• _Data for this task_
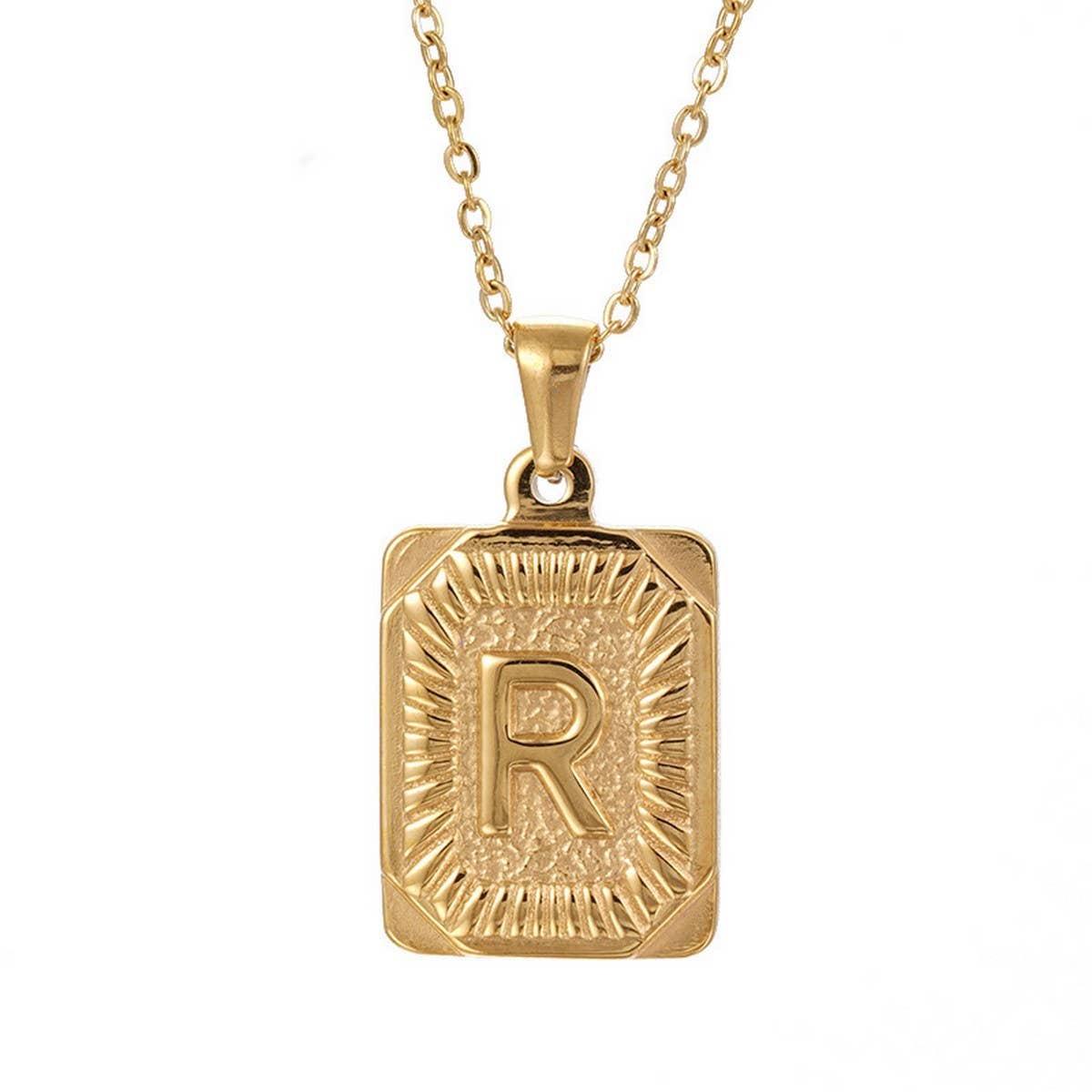 CWAJE1937_Square Stainless Steel Letter Fashion Necklace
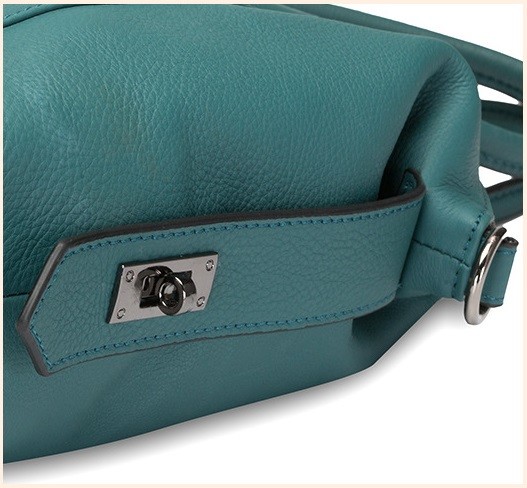 Небольшие простые сумки Tote кожи Cowhide верхнего слоя темные ые-зелен морщат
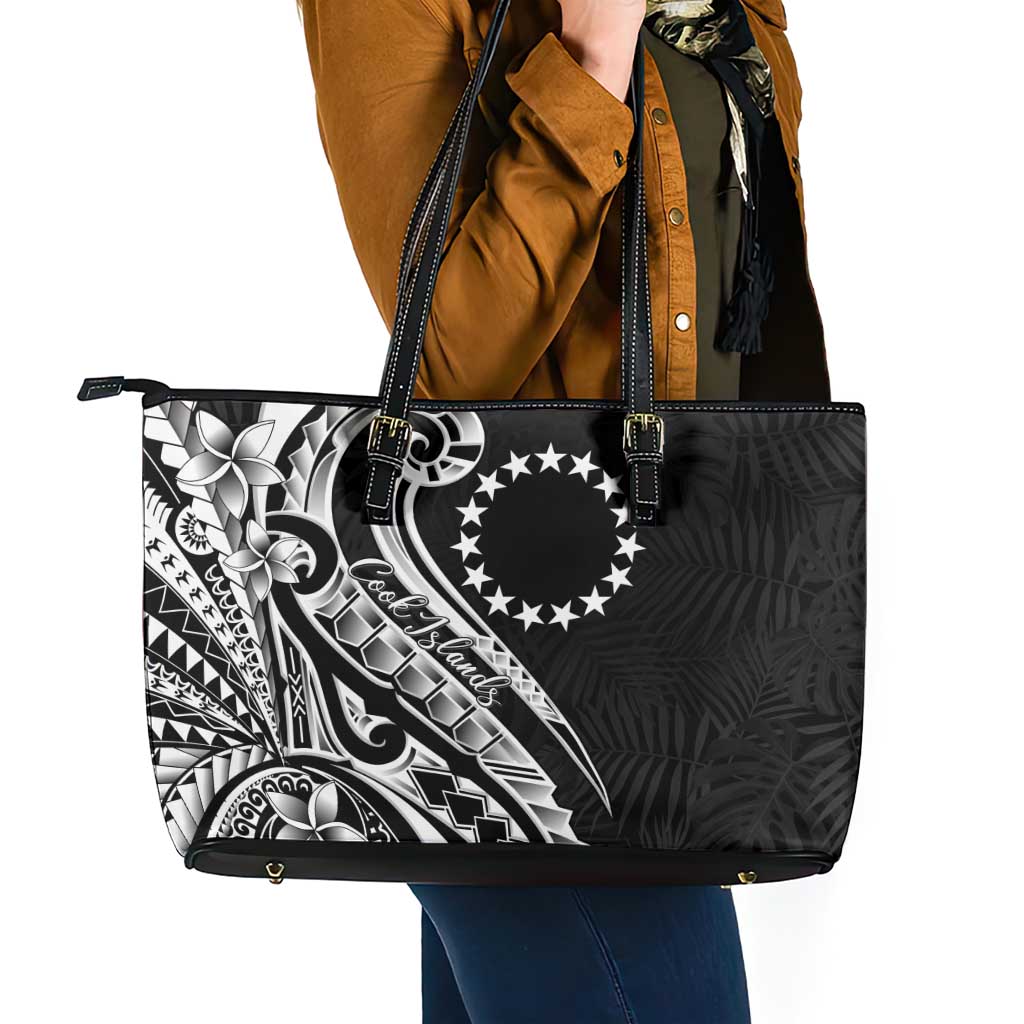Kia Orana Cook Islands Leather Tote Bag Kerekere Plumeria Tropical Waves LT7 - Polynesian Pride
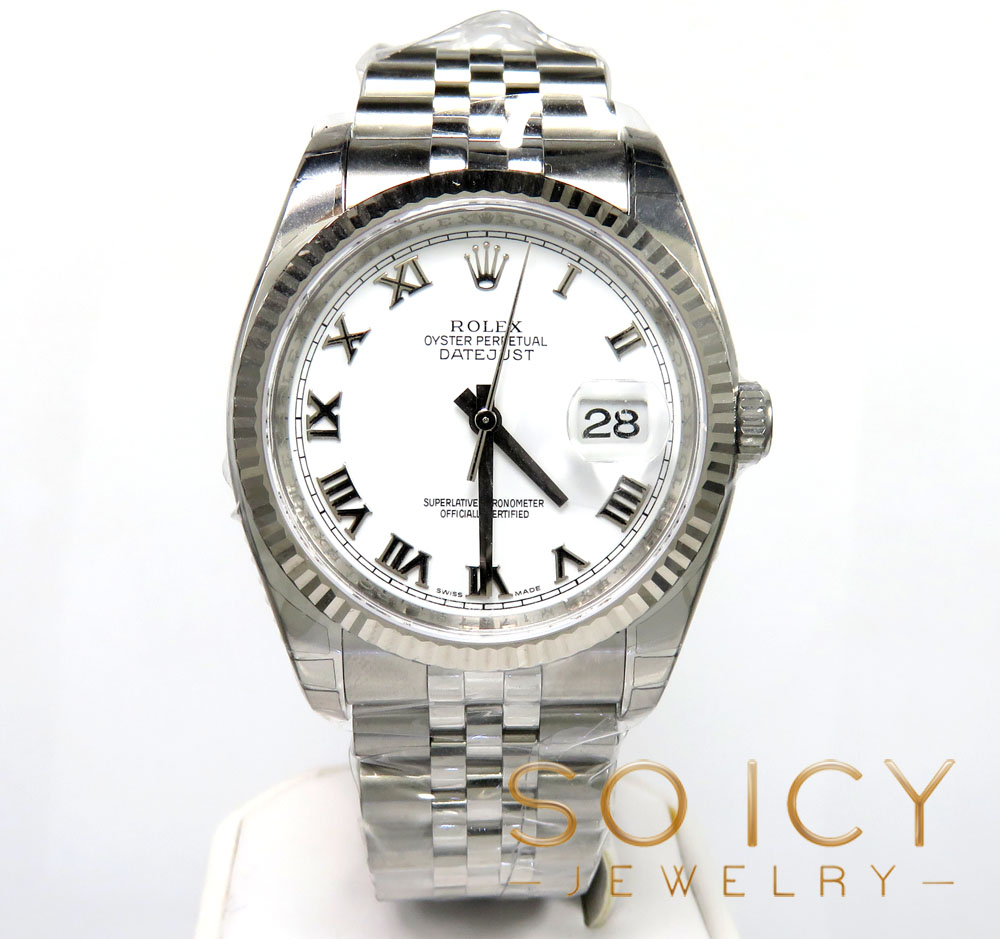 Rolex datejust stainless steel 36mm white roman dial ref. 116234
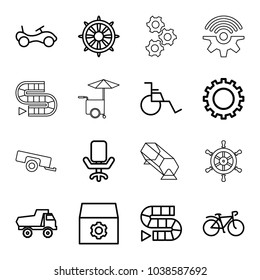 Wheel Icons Set 16 Editable Outline Stock Vector (Royalty Free ...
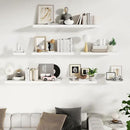 Floating Shelves Set of 2, 36 Inch Long Wooden Wall Shelves, 10 Inch Deep Wall Mounted Storage Shelf with Metal Brackets for Living Room, Bathroom, Bedroom and Kitchen, White by CozyNest Decor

• _Problem description_
Reproduce every record above exactly, but leave out the pictures.

• _Answer to this exercise_
 CWAJE1937_Square Stainless Steel Letter Fashion Necklace
 Небольшие простые сумки Tote кожи Cowhide верхнего слоя темные ые-зелен морщат
Kia Orana Cook Islands Leather Tote Bag Kerekere Plumeria Tropical Waves LT7 - Polynesian Pride
 Rolex datejust stainless steel 36mm white roman dial ref. 116234
 Wheel Icons Set 16 Editable Outline Stock Vector (Royalty Free ...
 Floating Shelves Set of 2, 36 Inch Long Wooden Wall Shelves, 10 Inch Deep Wall Mounted Storage Shelf with Metal Brackets for Living Room, Bathroom, Bedroom and Kitchen, White by CozyNest Decor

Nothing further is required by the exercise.